Unfortunately, McDonald's chased after that crowd, believing it could compete with these upscale burger shops. It introduced kale bowls, lobster rolls, and pricey sirloin burgers in pursuit of Easterbrook's vision of creating a "modern, progressive burger company." In the process, it forgot its core customer, the vast majority of whom come to the burger joint looking for a tasty meal at a good value.
It's no coincidence that the company's change of fortune for the better began when it once again started focusing on the value end of its menu. Although Wendy's (NASDAQ: WEN) was first out of the gate with its 4-for-$4 bundle meal, a successful promotion that it has continued to expand to great effect, McDonald's McPick 2 program may be the better choice because of the broad selection it gives customers. It is often singled out as a prime reason for the comparable sales growth the chain has enjoyed, including in the fourth quarter, when the bundled offering was credited for the bulk of the 4.5% comps increase.

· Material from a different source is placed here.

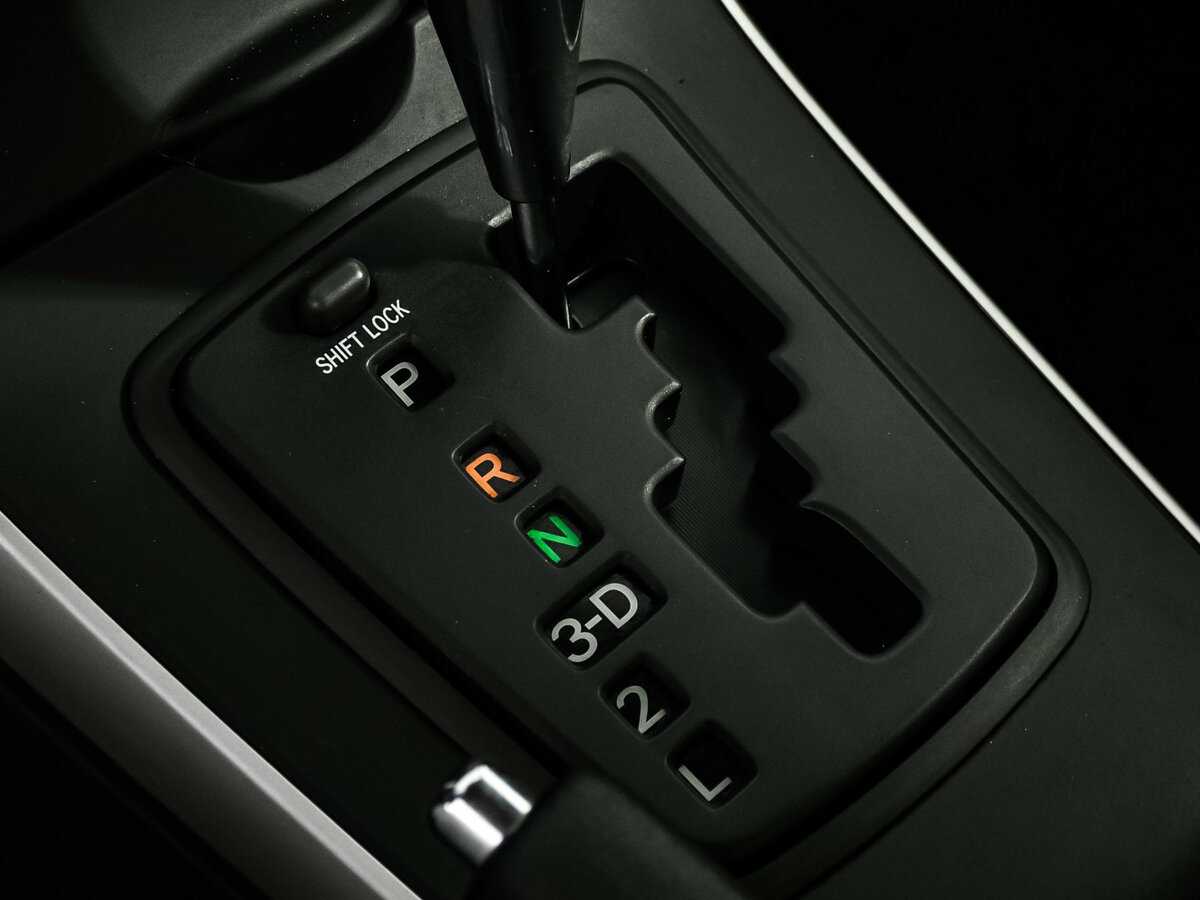 Toyota Corolla б/у, 2012, Автоматическая. Фото: #15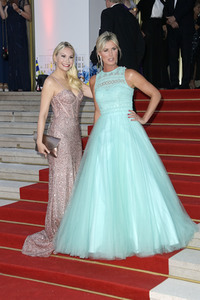 Leipziger Opernball 2023 in Leipzig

McDonald's has continued its deep dive into the value end with its $1-$2-$3 Dollar Menu that further gives customers a variety of options for a very low price. A certain amount of credit must also be given to the all-day breakfast menu that customers had wanted for years. Its introduction in 2015 put an immediate halt to the company's slide, and though the outsize impact it created in reversing its downward trend has faded, it remains a popular addition.
A better experience
Yet it wasn't only revitalizing its value menu that helped revive the burger shop's fortunes. At great expense and difficulty, McDonald's has improved its food. From launching a cage-free-egg initiative to ensuring that the beef it uses is free from antibiotics, McDonald's has often been at the forefront of a food-industry phenomenon that takes into consideration animal welfare and its ultimate effect on its customers.
We're seeing this effort further creep into various menu selections, such as the use of fresh beef in several items. Last year McDonald's committed to go national with a fresh beef Quarter Pounder burger, an initiative that required two years of planning. The nationwide rollout should be complete by the middle of the year. And it's extended it to the new Archburger that it's testing in select markets. It's a smaller burger than usual -- one-sixth of a pound -- but it will retail for $2 or so, putting it in the middle of its new dollar menu offerings.
All of this is finally getting customers to come back to McDonald's. Guest counts at the restaurant ended 2017 some 2% higher than the year before, a not insignificant amount. It's perhaps ironic that having finally achieved that milestone, McDonald's stock has fallen 4% since that report, as of this writing.
Regardless, the business is now truly firing on all cylinders. It has the right products, it's offering the right prices, and it's clearly in tune with its customers' wants. There have been signs all along that McDonald's was returning to health. This shows that the burger joint is back in a big way.